Exodus im Silicon Valley Osteuropas
Die Wirtschaft des Landes stagniert, der "Hi-Tech Park" war hingegen eine Wachstumsbranche. Vor allem die Ukraine und Lettland nehmen die IT-Experten auf und locken sie an
Der "Hi-Tech Park", ein lang gestreckter kastenförmiger Bau am Rande von Minsk, war bis vor kurzem der Stolz der Wirtschaft Weißrusslands. Doch nun droht dem "Silicon Valley Osteuropas" der Exodus - Startups und deren Mitarbeiter wollen weg aus dem Land.
Fraglich ist auch, ob die 1,5 Milliarden US-Dollar zusätzliche Darlehen, die Wladimir Putin seinem angeschlagenen Amtskollegen Aleksander Lukaschenko in Sochi versprach, noch etwas daran ändern. Ergebnis der Verhandlungen sind jedenfalls größere Abhängigkeiten von Russland.
Die politische Krise hatte mehrfache Auswirkungen auf die "Insel des Aufschwungs im Meer der Stagnation". Um den Informationsaustausch zu stoppen, lässt die Regierung in Belarus das Internet zeitweise ausfallen, was den 400 IT-Firmen des Technologie-Parks in die Parade fährt. Gleichzeitig protestierten auch IT-Fachkräfte, wurden dabei von Sicherheitskräften verhaftet und verletzt.
Dazu lockt das Ausland. So hat Kaspars Rozkalns vom lettischen Investitions- und Entwicklungsbüro Anfragen von 150 belarussische IT-Unternehmen vor sich liegen, zehn sollen gerade am Umziehen sein.
Bereits 300 belarussische IT-Spezialisten haben die ukrainische Grenze zwecks Jobwechsel überquert. Das Digitalisierungsministerium in Kiew wirbt aktiv mit einer Internetseite um die Talente des Nachbarlands. Etwa mit dem Hinweis, dass der ukrainische Staat gerade digitalisiert werde und der Branchen-Durchschnittsverdienst bei 2300 US-Dollar liege.

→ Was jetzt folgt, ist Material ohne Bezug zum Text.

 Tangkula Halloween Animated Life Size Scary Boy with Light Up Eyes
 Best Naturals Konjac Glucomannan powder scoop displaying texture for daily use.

Dies ist nicht wirklich viel, doch die Ukraine und Lettland mit seiner großen russischen Minderheit haben den Vorteil, dass die IT-Fachleute aus Weißrussland dort weiterhin Russisch sprechen können. Auch hat Lettland, wie die beiden baltischen Nachbarländer, ein Startup-Visum für Nicht-EU-Staatsbürger etabliert, das auf die russischsprachigen Experten abzielt. Die Ukraine verspricht ebenso eine problemlose Prozedur bei der Arbeitsgenehmigung. Und die ausländischen Unternehmen, die zu einem Drittel in dem IT-Zentrum (Abkürzung HTP) vertreten sind, dazu gehören auch russische, ziehen einen Teil ihrer Mitarbeiter aus Sicherheitsgründen aus Minsk ab.
Eine fatale Tendenz. Denn die Wirtschaft der ehemaligen Sowjetrepublik stagniert seit zehn Jahren, zum Jahreswechsel nahm der Energiestreit mit Russland bedrohliche Formen an. Der Kreml drosselte die Öllieferung, welche für die Raffinerien Weißrusslands benötigt wurden.

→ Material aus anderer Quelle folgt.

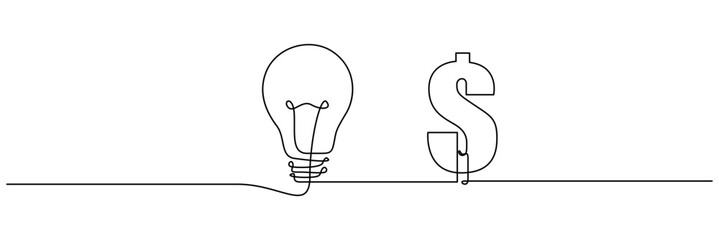 Continuous one line drawing of electric light bulb with dollar sign vector illustration. Isolated on transparent background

Derzeit gibt es in den Fabriken Bummelstreiks oder die Beschäftigten legen die Arbeit ganz nieder.
Das Silicon Valley Osteuropas wurde zur Brücke zum Westen
Gegründet wurde der "Hi Tech Park" (HTP) im Jahre 2005 von Walerij Zepkalo. Der ausgebildete Diplomat und Ingenieur, der in der Sowjetunion mit dem seltenen Privileg eines guten Englischunterrichts gesegnet war, wirkte lange als ein Mann des Regimes. Als Berater verhalf dem eher grob gestrickten ehemaligen Sowchose-Direktor Aleksander Lukaschenko 1994 zum Amt, wurde zuerst Außenminister und lernte dann als Botschafter in den USA Silicon Valley und sein Potential kennen.
Schließlich konnte Zepkalo den Machthaber in Minsk, der einst das Internet als einen "Haufen Müll" charakterisiertem überzeugen, mit einem Niedrigsteuersatz IT-Firmen nach Minsk zu locken und Unternehmensgründungen zu fördern. Im vergangenen Jahr wurden hier über sechs Prozent des Inlandsproduktes ausgemacht, für 2020 waren zehn vorhergesagt - vor dem Beginn der politischen Krise.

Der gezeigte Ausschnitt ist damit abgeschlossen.